If you have sound knowledge of how living organisms work, then you have your biology teacher to thank for that. Although often seen as the "nerdy" teachers at school, biology teachers are definitely some of the most important sources of knowledge in any academic setting.
As you would expect, a biology teacher spends most of their time in the classroom, delivering lectures and assessing students' knowledge in biology through tests, quizzes, and recitation. Usually, they also conduct laboratory sessions and may even hold classes in nature for certain topics. Outside of teaching hours, biology teachers plan lessons, grade papers, and collaborate with other co-teachers.
The role of a biology teacher requires a bachelor's or master's degree in biology or education, as well as a teaching license. More importantly, the job entails patience to interact with children on a daily basis, creativity to engage students effectively, and a great amount of enthusiasm to create an excellent learning environment in the classroom.

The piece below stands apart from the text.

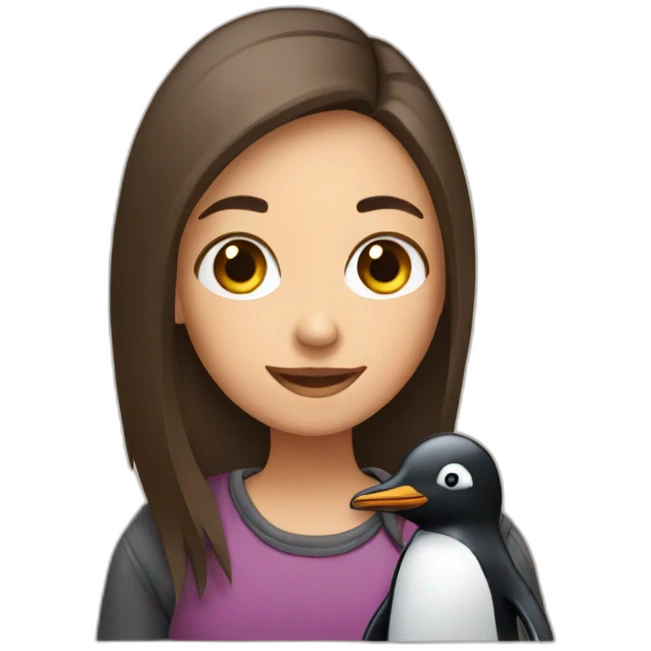 girl holding penguin emoji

Similar to other teaching jobs, a biology teacher makes around $23.92 an hour or $49,752 a year. Teachers with master's degrees may earn a higher salary.
There is more than meets the eye when it comes to being a biology teacher. For example, did you know that they make an average of $24.08 an hour? That's $50,080 a year!
Between 2018 and 2028, the career is expected to grow 4% and produce 38,200 job opportunities across the U.S.
There are certain skills that many biology teachers have in order to accomplish their responsibilities. By taking a look through resumes, we were able to narrow down the most common skills for a person in this position. We discovered that a lot of resumes listed communication skills, patience and physical stamina.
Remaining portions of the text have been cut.